This result can be verified to agree with (3.14) by direct calculation using (4.3) and the trigonometric relations (4.1e). The fact that the asymptotic rate is constant is consistent with the existence of a transverse equilibrium distribution. The relationship to recent descriptions in terms of first passage times (Aquino & Le Borgne Reference Aquino and Le Borgne2021a; Aquino et al. Reference Aquino, Le Borgne and Heyman2023) is discussed in Appendix D.

To obtain the flux-weighted surviving mass p.d.f. $p_{t,F}^\infty$, we flux-weight (4.3) according to (3.10):

(4.5)\begin{equation} p_{t,F}^\infty(y) = \frac{\textit{Da}\,\mu_1^2}{2\,\textit{Da}-\mu_1^2}\left(1-\frac{y^2}{a^2}\right)p_t^\infty(y); \end{equation}

see also (4.13) below for the mean of the fixed-time velocity p.d.f.
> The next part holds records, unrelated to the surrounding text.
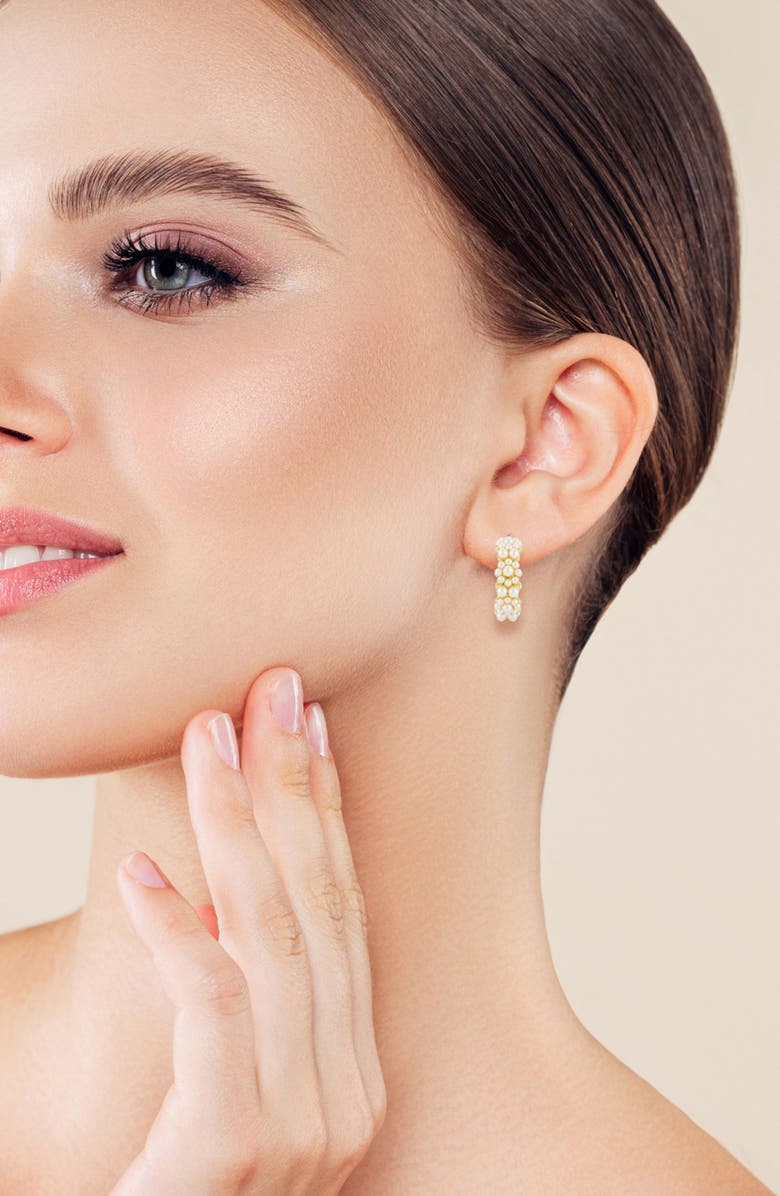 GLAZE JEWELRY Faux Pearl Hoop Earrings, Alternate, color, Gold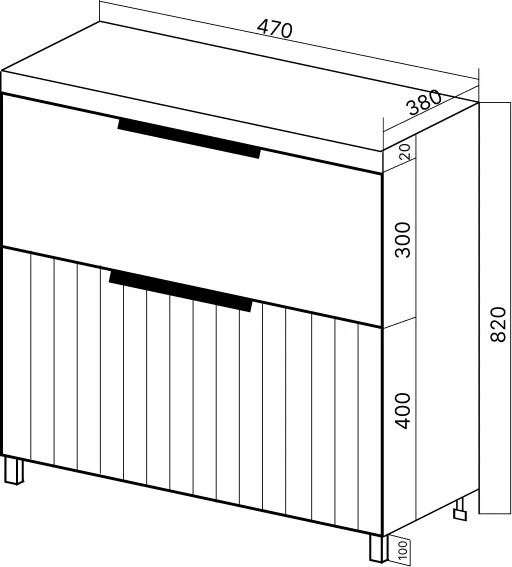 Тумба под умывальник Viant Сицилия Moduo 50 / VSIC50MDCAP-T2Y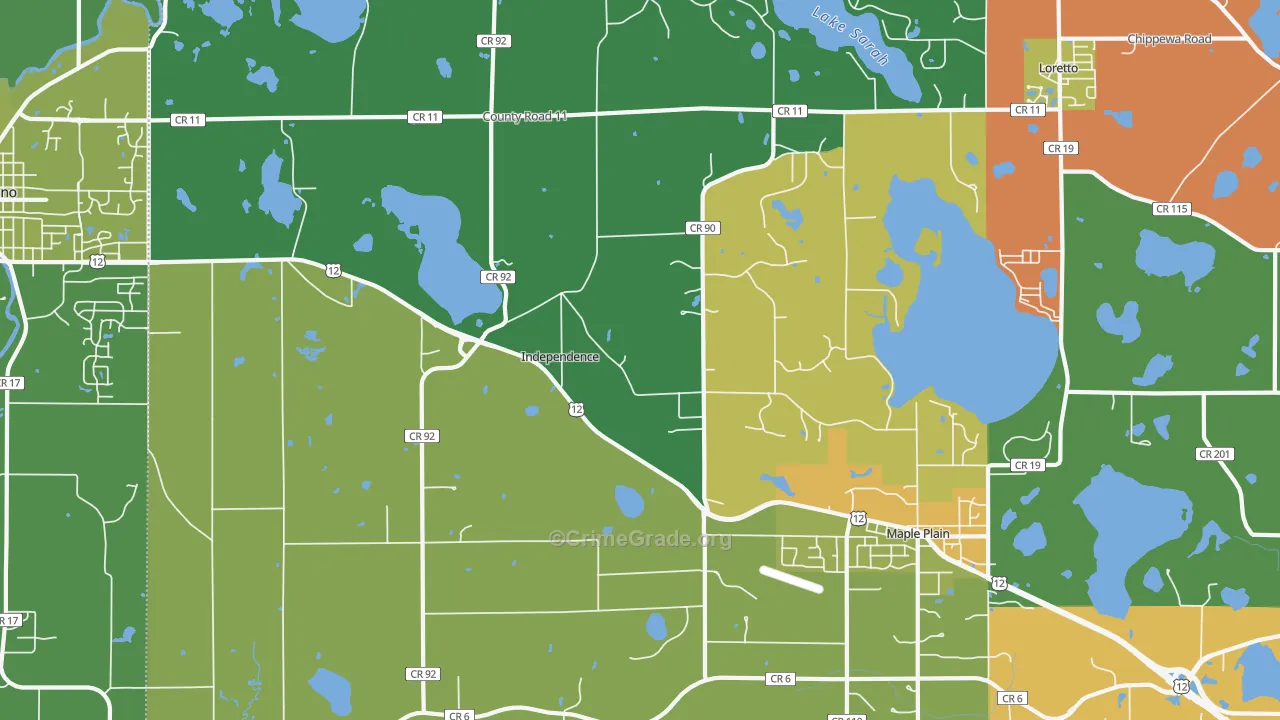 Independence, MN Map of Burglary Rates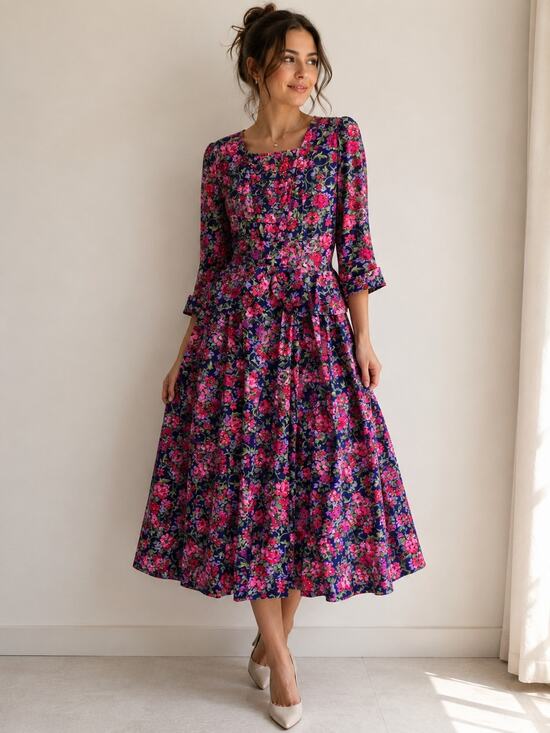 Lanz Originals Dresses & Skirts - Lanz Originals 80s Pink Floral Maxi Dress Cottage Prairie Grandma Garden Party S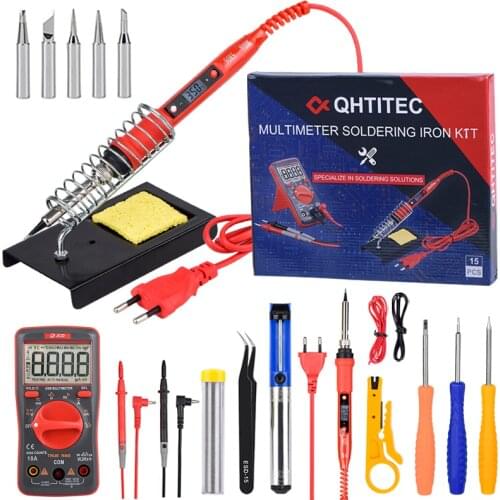 QHTITEC Electric Soldering Iron Kits Portable LCD Welding Tool Tin Adjustable Temperature Wooden Iron Set for Diy Kit Tip 80W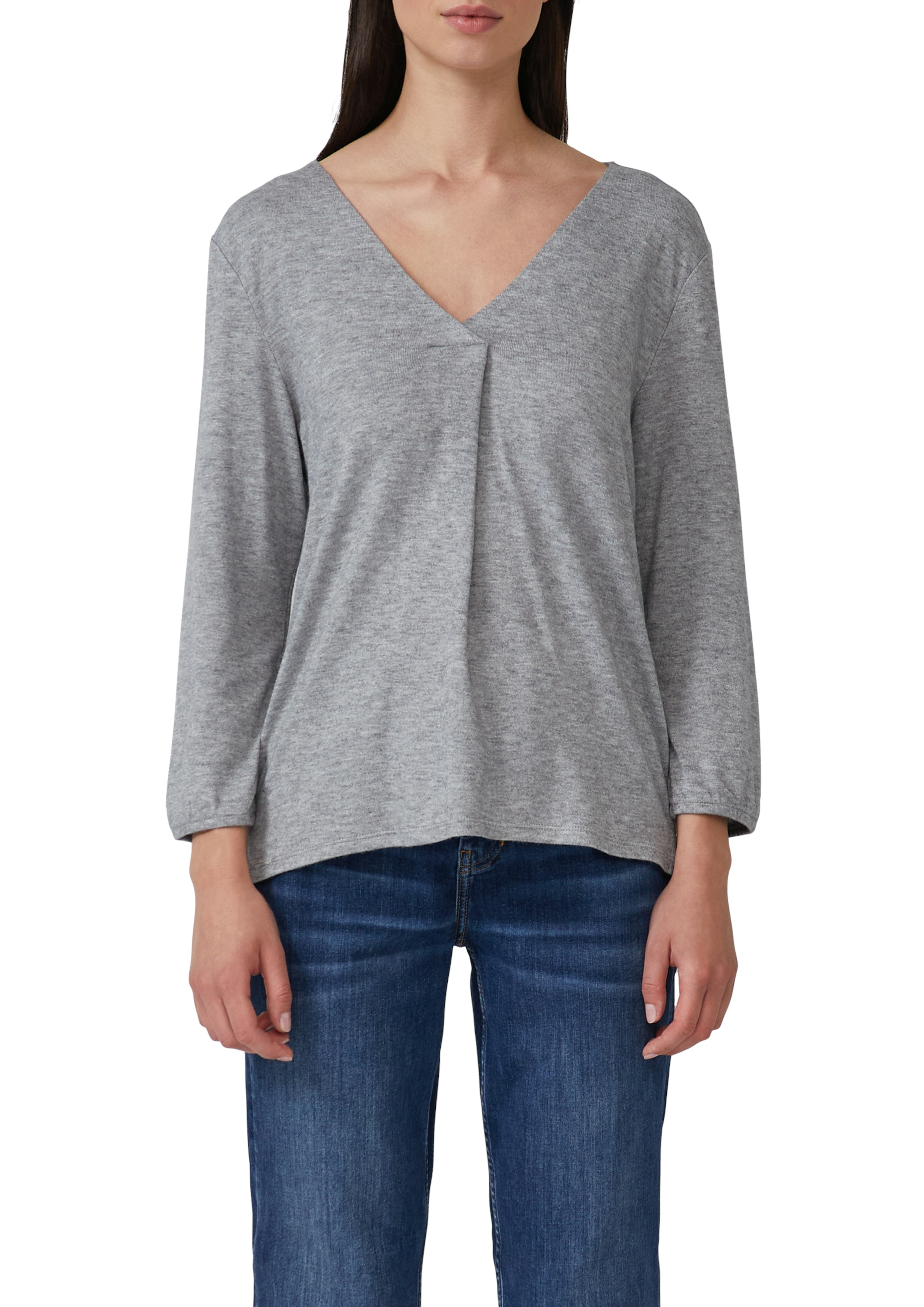 3/4-Arm-Shirt S.OLIVER, Damen, Gr. 38, grau melange, Web, Obermaterial: 50% Viskose, 28% Polyester, 22% Polyamid, meliert, lässig geschnitten hüftbedeckend, V-Ausschnitt, elastischer Bund, Shirts 3/4-Arm-Shirt, mit V-Ausschnitt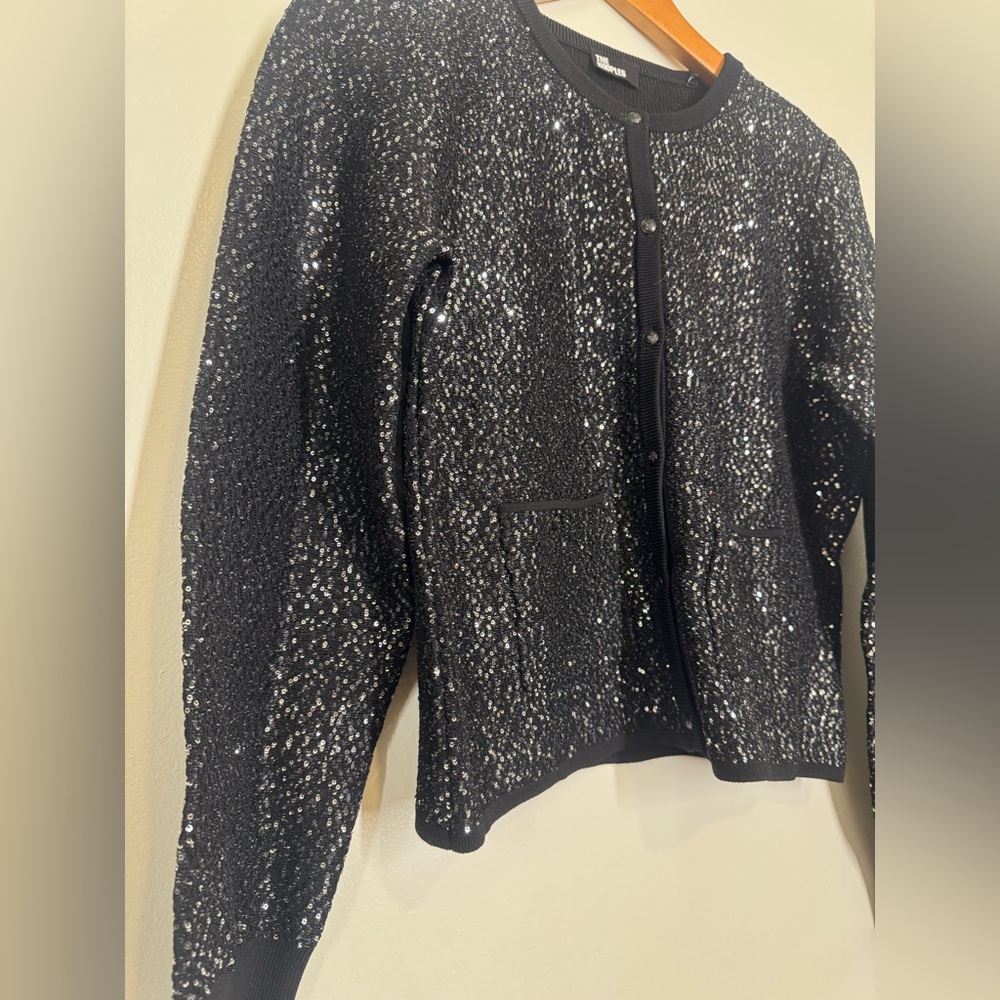 NWT The Koolples Black Sequin Cardigan Button Up Size Small Knit sweater - Picture 3 of 10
The limiting forms of $p_t^\infty$ and $p_{t,F}^\infty$ for small and large $\textit {Da}$ are derived in § E.1.

To obtain the true breakthrough p.d.f. $p_s^\infty$ associated with flux over a fixed control plane, we must take into account the correction factor $\beta (y) = \exp [\gamma \alpha ^\infty \,\Delta m(y)/\overline {v_E}]$; see (3.26). Because of the normalization, any differences between $p_s^\infty$ and $p_{t,F}^\infty$ result from variability in the mean-position discrepancy $\Delta m(y)$ with respect to the cross-section position $y$. To compute it, we must solve (3.20) for the auxiliary quantity $f(y,t)$. Since the differential operators are the same as for the transverse ADE (2.6), this equation has the same propagator, except that the decay modes are modified by the production term at rate $\alpha ^\infty$. The solution for the 2-D channel, reflecting the presence of a source term $p_t^\infty (y)v_E(y)$, is (Polyanin & Nazaikinskii Reference Polyanin and Nazaikinskii2016)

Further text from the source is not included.